## Work instruction
From the line containing "Finely-carved sturdy and" down to the final line of the entries below, quote every line verbatim. Exclude pictures.

## Data to examine
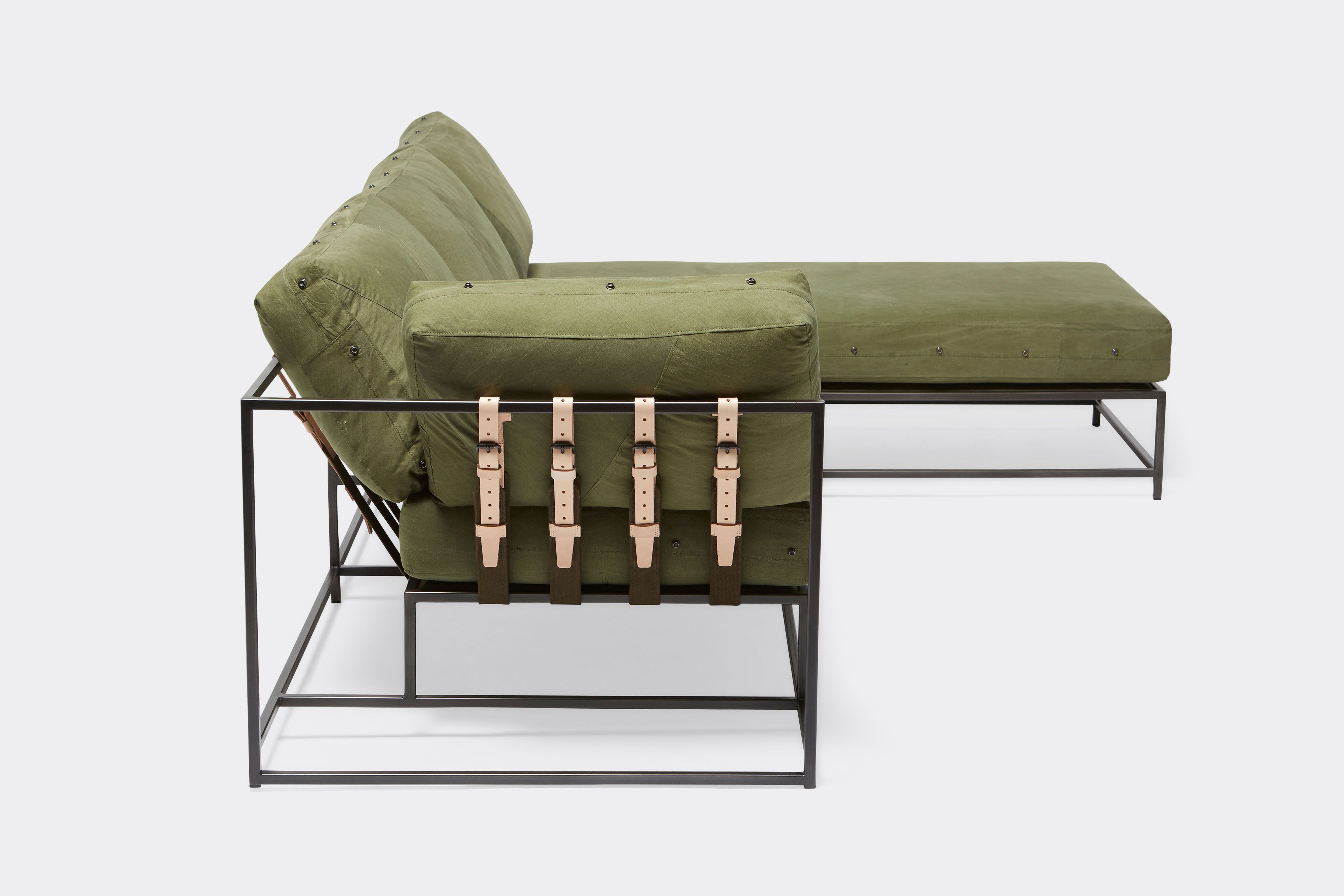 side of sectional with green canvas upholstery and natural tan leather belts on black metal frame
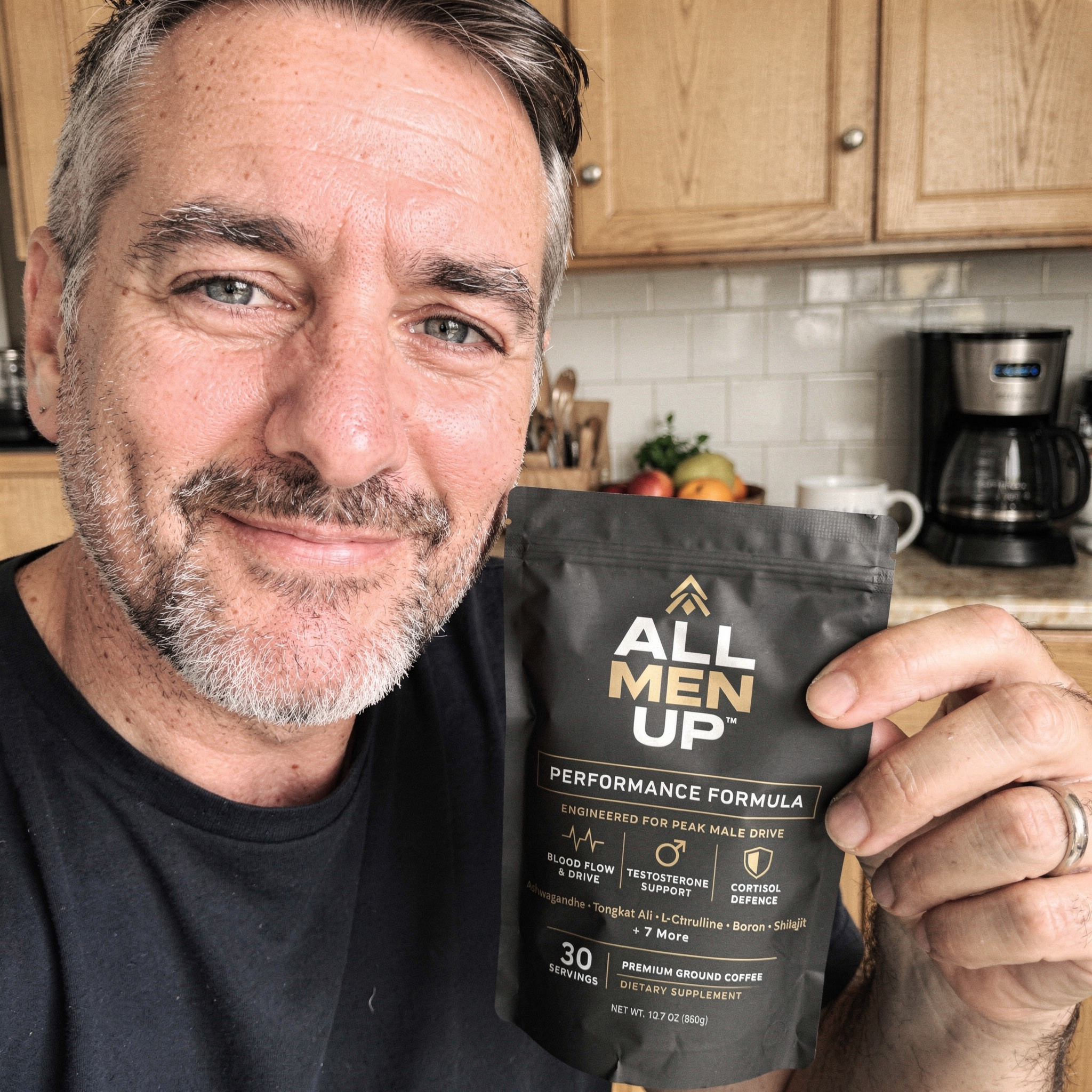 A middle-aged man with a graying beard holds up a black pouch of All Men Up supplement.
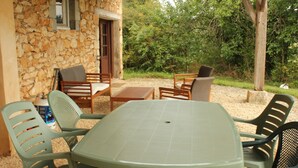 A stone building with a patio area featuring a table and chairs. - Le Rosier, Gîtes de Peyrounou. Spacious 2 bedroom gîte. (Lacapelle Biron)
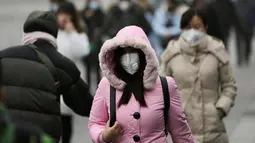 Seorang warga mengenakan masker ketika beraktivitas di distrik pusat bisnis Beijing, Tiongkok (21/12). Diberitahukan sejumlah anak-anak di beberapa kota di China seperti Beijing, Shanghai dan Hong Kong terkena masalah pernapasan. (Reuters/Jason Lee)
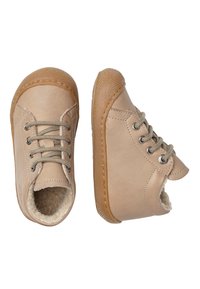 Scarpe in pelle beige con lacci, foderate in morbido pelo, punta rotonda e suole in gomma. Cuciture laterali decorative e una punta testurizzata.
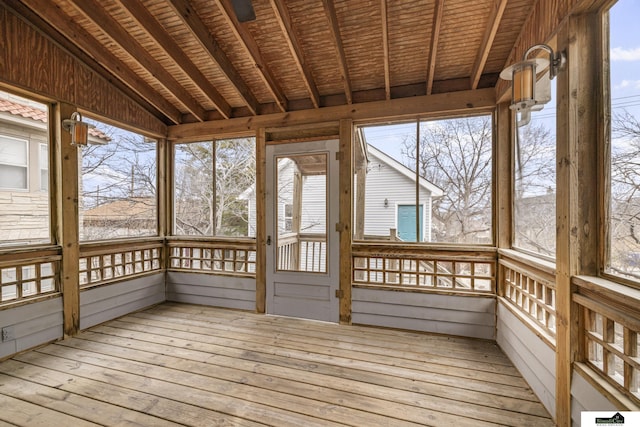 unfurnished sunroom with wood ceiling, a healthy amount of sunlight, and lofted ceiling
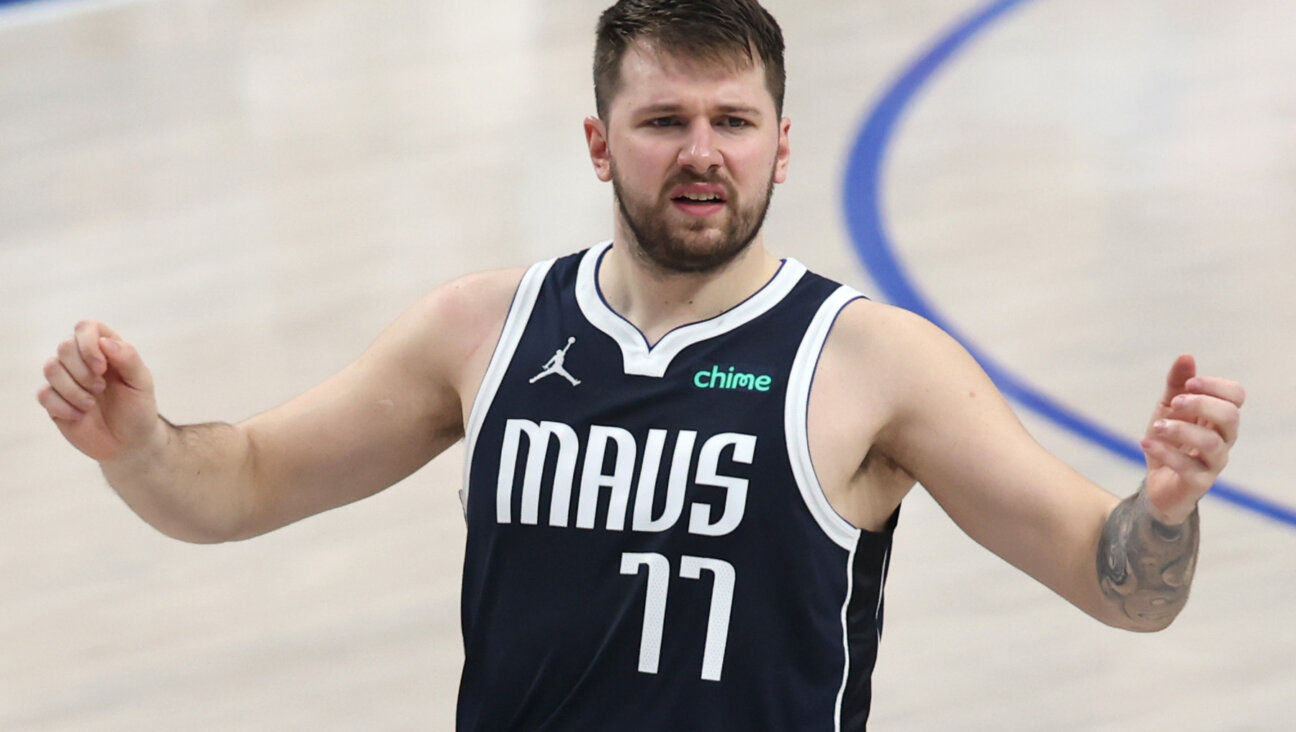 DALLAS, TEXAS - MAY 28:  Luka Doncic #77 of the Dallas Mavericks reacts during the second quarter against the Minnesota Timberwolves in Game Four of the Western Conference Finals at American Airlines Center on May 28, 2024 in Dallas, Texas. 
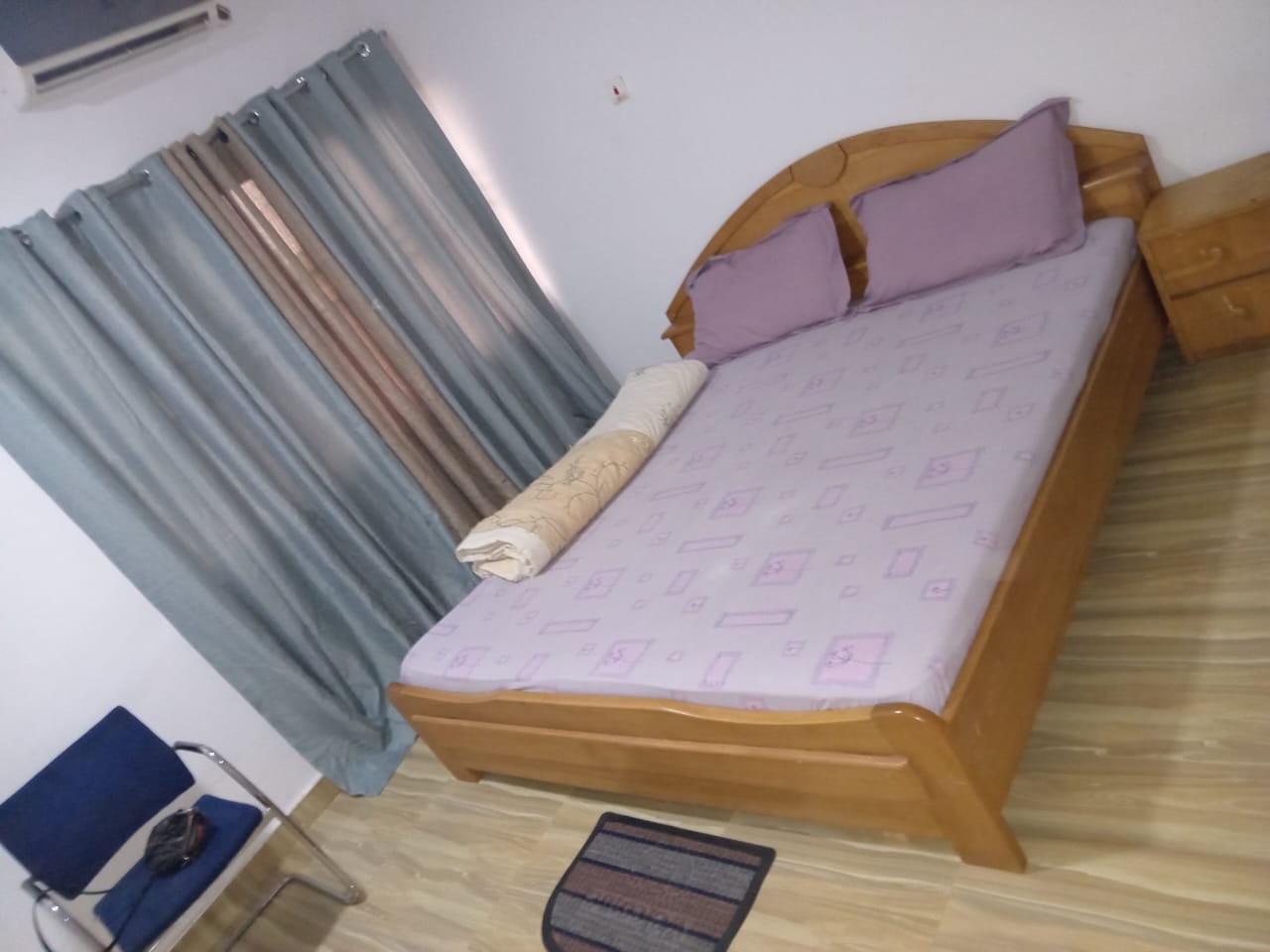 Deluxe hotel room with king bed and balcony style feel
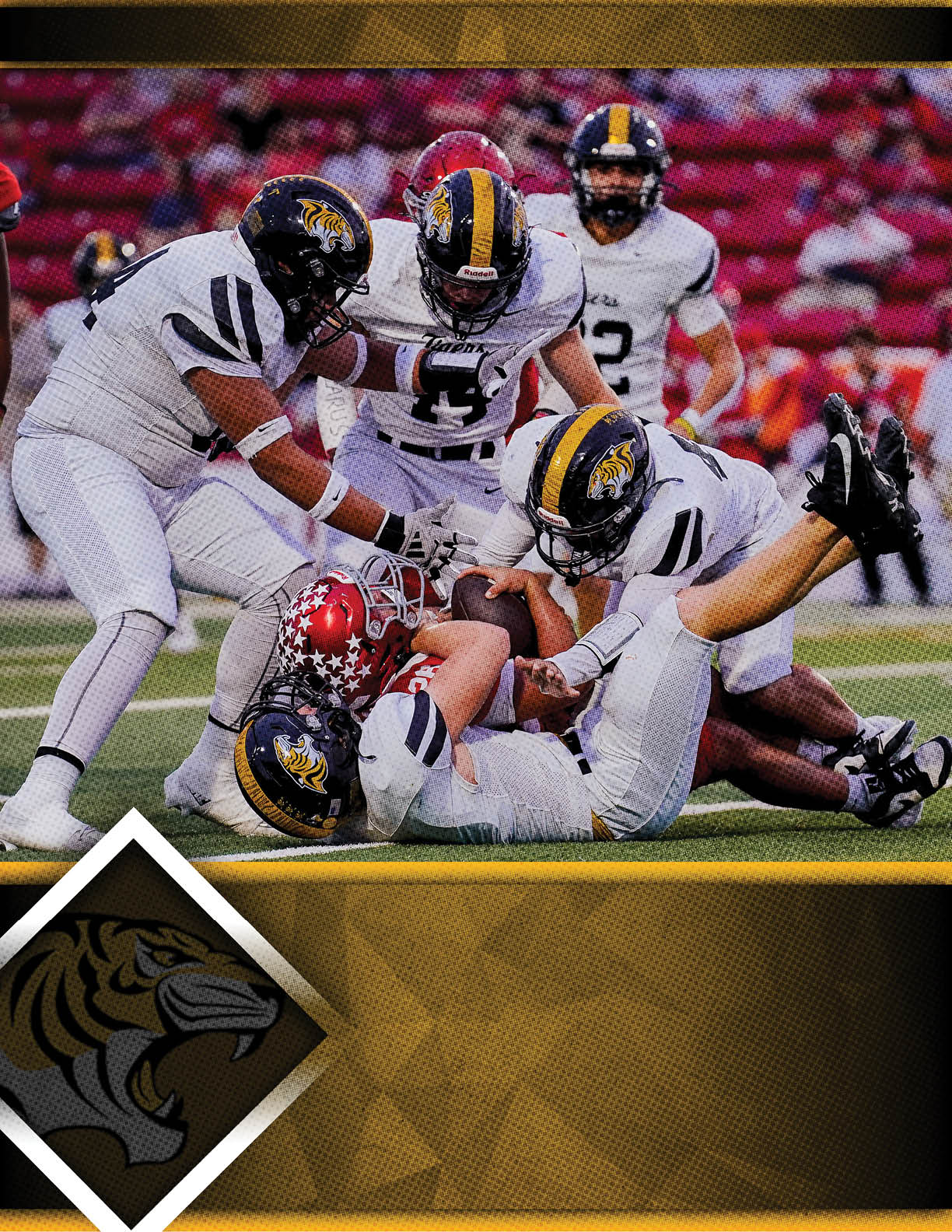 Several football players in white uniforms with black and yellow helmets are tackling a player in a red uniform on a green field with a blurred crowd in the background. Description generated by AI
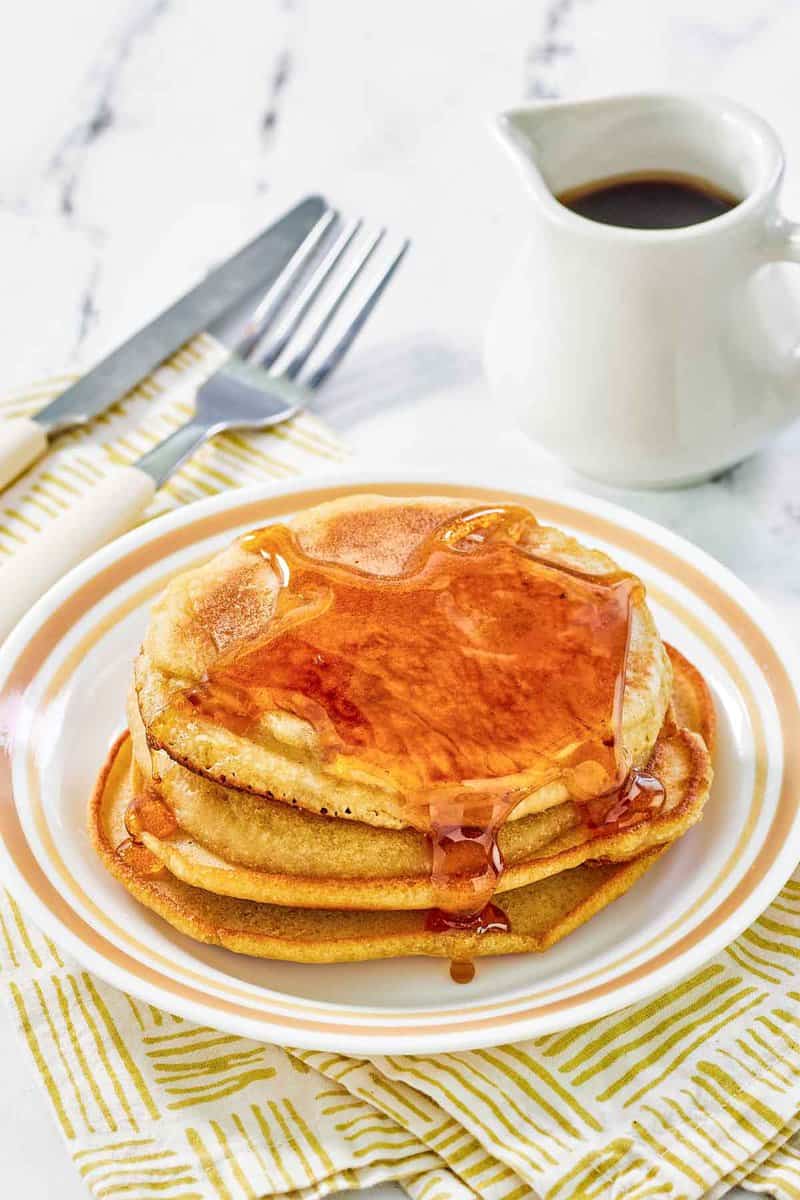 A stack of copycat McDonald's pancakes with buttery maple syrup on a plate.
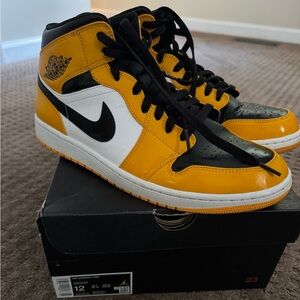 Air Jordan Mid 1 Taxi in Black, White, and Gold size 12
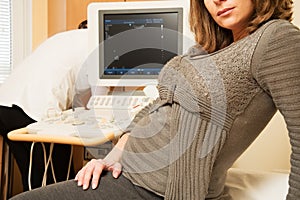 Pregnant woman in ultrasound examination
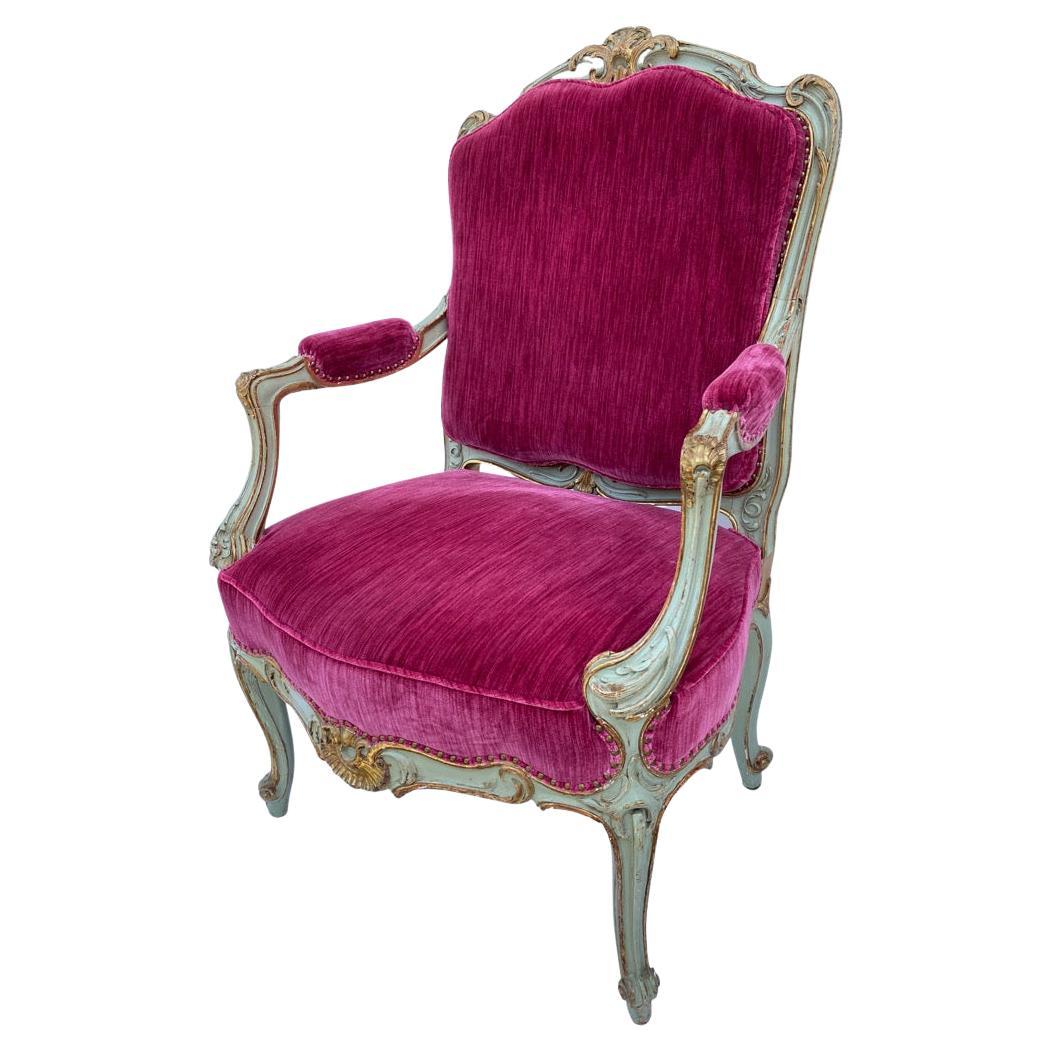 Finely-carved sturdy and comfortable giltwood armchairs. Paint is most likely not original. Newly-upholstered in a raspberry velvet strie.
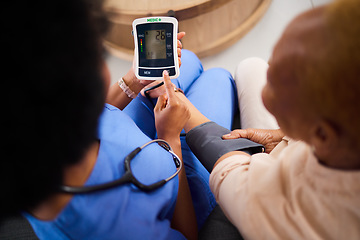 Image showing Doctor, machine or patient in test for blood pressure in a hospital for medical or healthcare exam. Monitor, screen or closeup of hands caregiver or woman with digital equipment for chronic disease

## Response for this exercise
 Finely-carved sturdy and comfortable giltwood armchairs. Paint is most likely not original. Newly-upholstered in a raspberry velvet strie.
 Image showing Doctor, machine or patient in test for blood pressure in a hospital for medical or healthcare exam. Monitor, screen or closeup of hands caregiver or woman with digital equipment for chronic disease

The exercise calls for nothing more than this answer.